Microsoft's recently released VibeVoice-ASR speech recognition model delivers stunning performance, with built-in speaker recognition. However, the official version demands extremely high hardware (requires 20G+ VRAM, basically RTX 3090/4090 to run) and has complex setup procedures, deterring many enthusiasts.

To make it more accessible, we've made some simple modifications to run on low-VRAM devices!

  1. Ultra-Low Barrier: VRAM usage reduced by 70%, runs on common 12G/14G VRAM.
  2. Free Cloud Usage: Underpowered PC? No problem! Includes a Google Colab script to run for free in the cloud.
  3. Integrated into pyVideoTrans: Video translation & dubbing software v3.95+ natively supports it.

Step 1: Preparation

  1. Update Software: Ensure your pyVideoTrans is updated to v3.95 or higher. If it already is, it's still recommended to download and overwrite with the patch package again. (This is mandatory; older versions won't work).
  2. Get Model Running Address: You can choose Cloud (recommended, free, no PC setup needed) or Local (recommended for macOS or Linux; Windows not tested).

Step 2: Launch VibeVoice Model

Option A: Run via Google Colab (Cloud)

Recommended if you can access Google, saves your PC's resources.

  1. Open Run Script: Here is the notebook link: 👉 VibeVoice Colab One-Click Run Script ( https://colab.research.google.com/drive/1FnsoTQsH9iTWpuJVY_T-0ZO-E91C74it?usp=sharing )

  2. Change Runtime Type (Crucial Step):

    • Click the small triangle next to the "Connect" button in the top right.
    • Select "Change runtime type".
    • In the hardware accelerator, choose T4 GPU, then click Save.

  1. One-Click Run:
    • Click the "Run all" button below the menu bar (or press Ctrl+F9).
    • The script will automatically install dependencies and download the model. Please wait a few minutes.

  1. Get API Address:
    • When the bottom of the page shows Running on public URL: https://xxxx.gradio.live, it means startup is successful.
    • Copy this URL ending with .gradio.live. This is the address you need to enter in the software.
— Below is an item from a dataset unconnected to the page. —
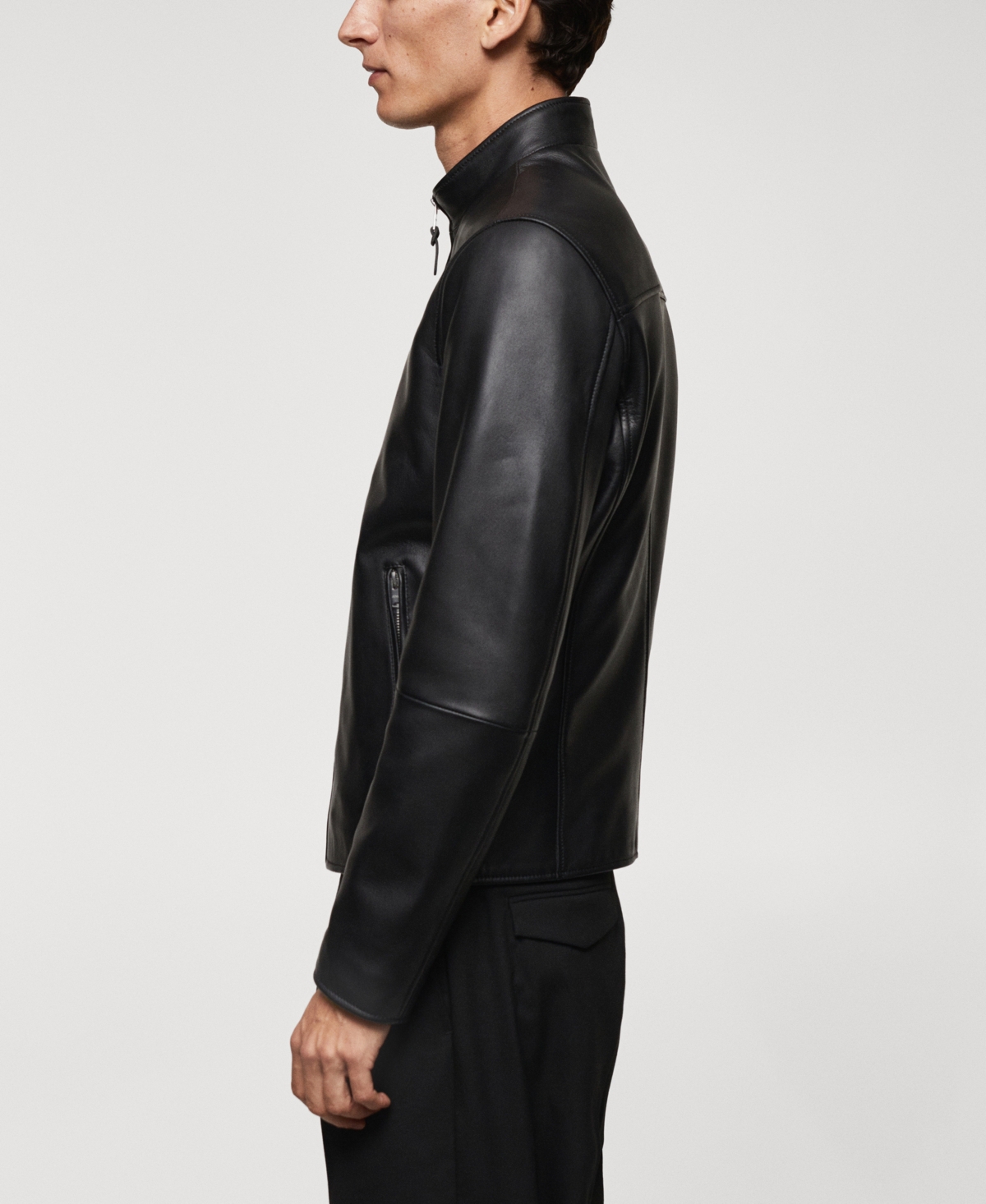 Mango Men's Zip-Detail Leather Biker Jacket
Option B: Local Deployment (For Linux/Mac Experts)

If you are a Linux/Mac user with 10G+ VRAM, you can refer to https://github.com/jianchang512/VibeVoice/blob/main/docs/vibevoice-asr.md for self-deployment. The start command is: python demo/vibevoice_asr_gradio_demo.py --model_path microsoft/VibeVoice-ASR --attn_implementation sdpa --share

The default address after startup is usually http://127.0.0.1:7860.
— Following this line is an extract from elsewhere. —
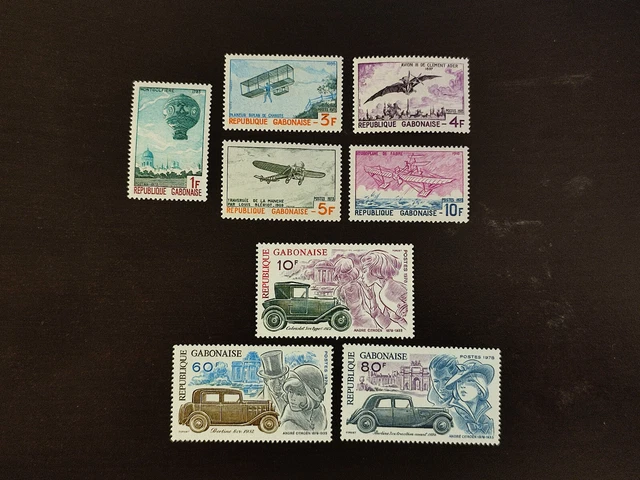 AN80/ Gabun - Gabon - Sammlung Flugzeuge Autos 1973 1977 - MNH
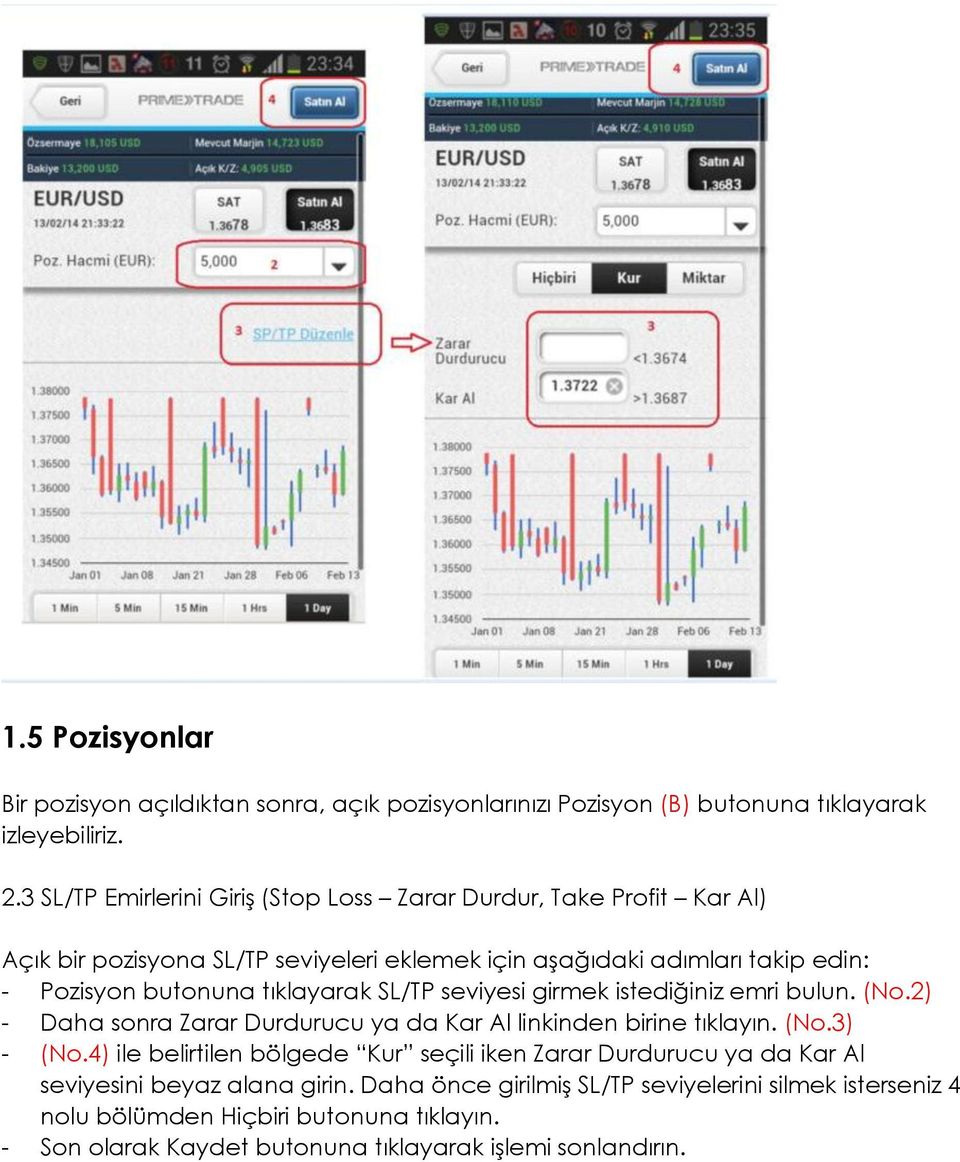 tıklayarak SL/TP seviyesi girmek istediğiniz emri bulun. (No.2) - Daha sonra Zarar Durdurucu ya da Kar Al linkinden birine tıklayın. (No.3) - (No.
Win10/11 should theoretically work, but was not tested due to insufficient VRAM.


Step 3: Configure in pyVideoTrans

Once you have the API address, go back to the translation software for simple setup.

  1. Open the pyVideoTrans software.
  2. In the top menu bar, find "Speech Recognition Settings (R)" -> Select "Custom Speech Recognition API".
  3. Fill in configuration info (follow the image):
    • API Address: Paste the https://xxxx.gradio.live address you copied from Colab (or the local http://127.0.0.1:7860).
    • Secret Key/Password: There's a special trick here! You can enter any random characters, but it must include vibevoice-asr.
      • Correct example: my-vibevoice-asr-key or test-vibevoice-asr
      • Wrong example: 123456 (the software won't recognize it as a VibeVoice API)

  1. Click the "Test" button. If "Connection successful" is shown or test data is returned, click "Save Changes".

Step 4: Start Using

Now you have access to one of the best speech recognition capabilities!

  1. On the main software interface, import the video or audio you want to process.
  2. In the "Select Speech Recognition Model" dropdown menu, choose "Custom Speech Recognition API".
  3. Click start running. The software will automatically use the cloud-based VibeVoice model to generate accurate subtitles!

Frequently Asked Questions (Q&A)

Q: What if the Colab run shows an error or disconnects? A: Colab's free GPU has usage time limits. If disconnected, please refresh the webpage, repeat the "Run all" steps, and get the new .gradio.live link to fill in the software.

Q: Is the recognition speed fast? A: VibeVoice is very fast, and with our quantization optimization, it achieves near real-time transcription even on a T4 GPU. However, the software sends and transcribes the entire audio file, then displays the result all at once, without streaming.

Q: Why does it show an error when I test? A: Please check two things: 1. Make sure there are no extra spaces at the end of the API address; 2. Ensure the key contains the keyword vibevoice-asr.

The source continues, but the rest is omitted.